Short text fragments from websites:

-----

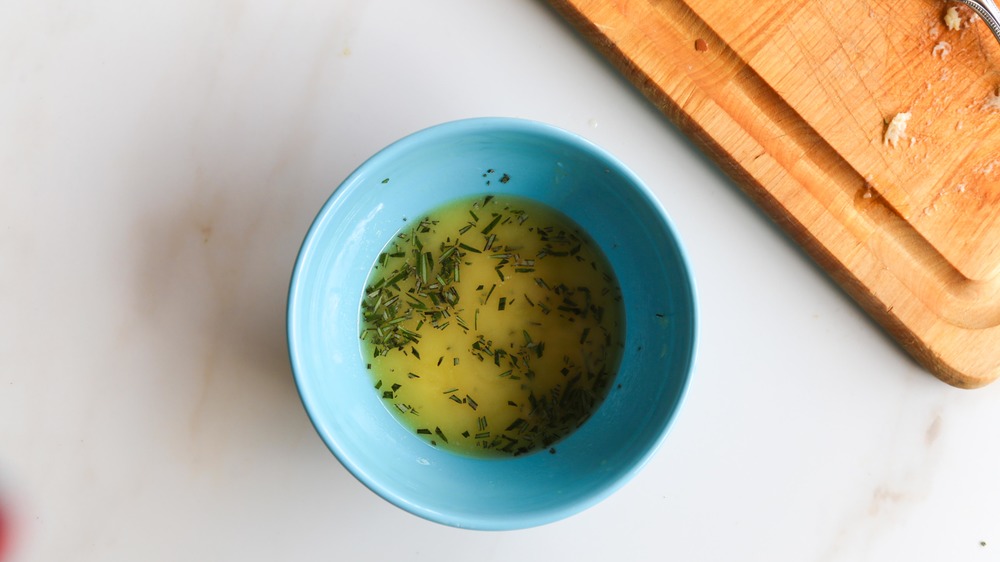 melted butter with garlic and rosemary for roasted fingerling potatoes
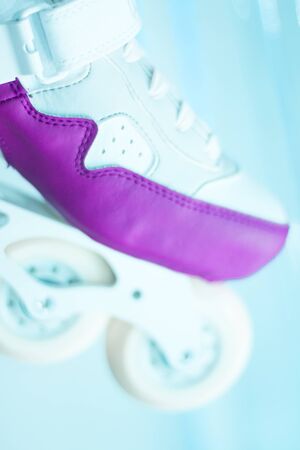 Freestyle girls pink inline skates boots and wheels in retail store shop window for free, urban,...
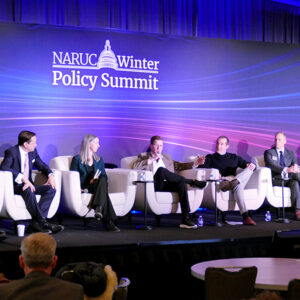 A panel at NARUC with (from left) Virginia State Corporation Commissioner Jehmal Hudson, Nick Elliot of the White House, Google's Briana Kobor, Indiana Utility Regulatory Commissioner David Veleta, Arizona Public Service's Jose Esparza, Smart Electric Power Alliance's Lakin Garth and North Carolina Utilities Commission Public Staff Executive Director Christopher Ayers A panel at NARUC with (from left) Virginia State Corporation Commissioner Jehmal Hudson, Nick Elliot of the White House, Google's Briana Kobor, Indiana Utility Regulatory Commissioner David Veleta, Arizona Public Service's Jose Esparza, Smart Electric Power Alliance's Lakin Garth and North Carolina Utilities Commission Public Staff Executive Director Christopher Ayers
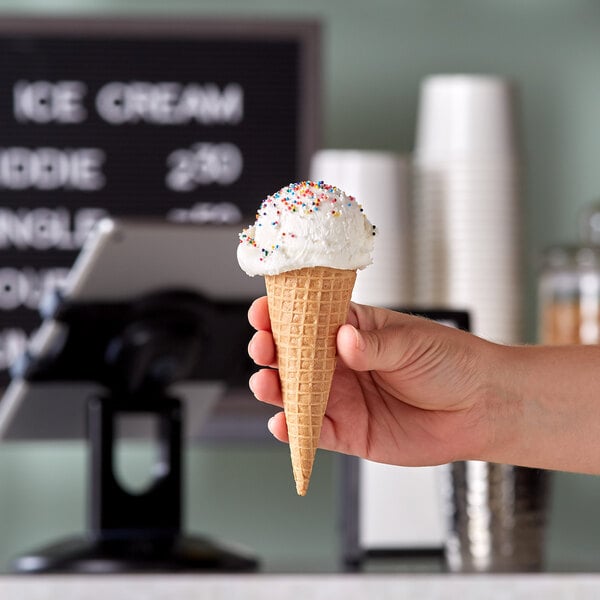 A hand holding a JOY gluten-free sugar cone filled with ice cream.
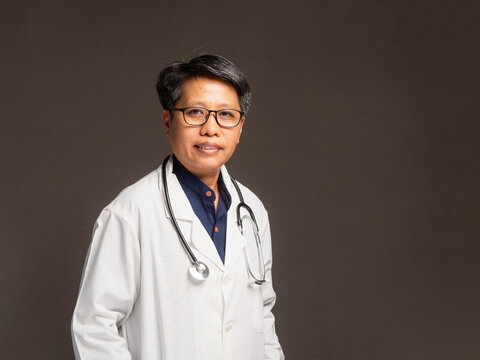 Female doctor in white coat with stethoscope portrait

-----

» **TASK REQUIREMENTS**
Each entry must be set down word for word; no image may be carried over.

» **YOUR RESPONSE**
 melted butter with garlic and rosemary for roasted fingerling potatoes
 Freestyle girls pink inline skates boots and wheels in retail store shop window for free, urban,...
 A panel at NARUC with (from left) Virginia State Corporation Commissioner Jehmal Hudson, Nick Elliot of the White House, Google's Briana Kobor, Indiana Utility Regulatory Commissioner David Veleta, Arizona Public Service's Jose Esparza, Smart Electric Power Alliance's Lakin Garth and North Carolina Utilities Commission Public Staff Executive Director Christopher Ayers A panel at NARUC with (from left) Virginia State Corporation Commissioner Jehmal Hudson, Nick Elliot of the White House, Google's Briana Kobor, Indiana Utility Regulatory Commissioner David Veleta, Arizona Public Service's Jose Esparza, Smart Electric Power Alliance's Lakin Garth and North Carolina Utilities Commission Public Staff Executive Director Christopher Ayers
 A hand holding a JOY gluten-free sugar cone filled with ice cream.
 Female doctor in white coat with stethoscope portrait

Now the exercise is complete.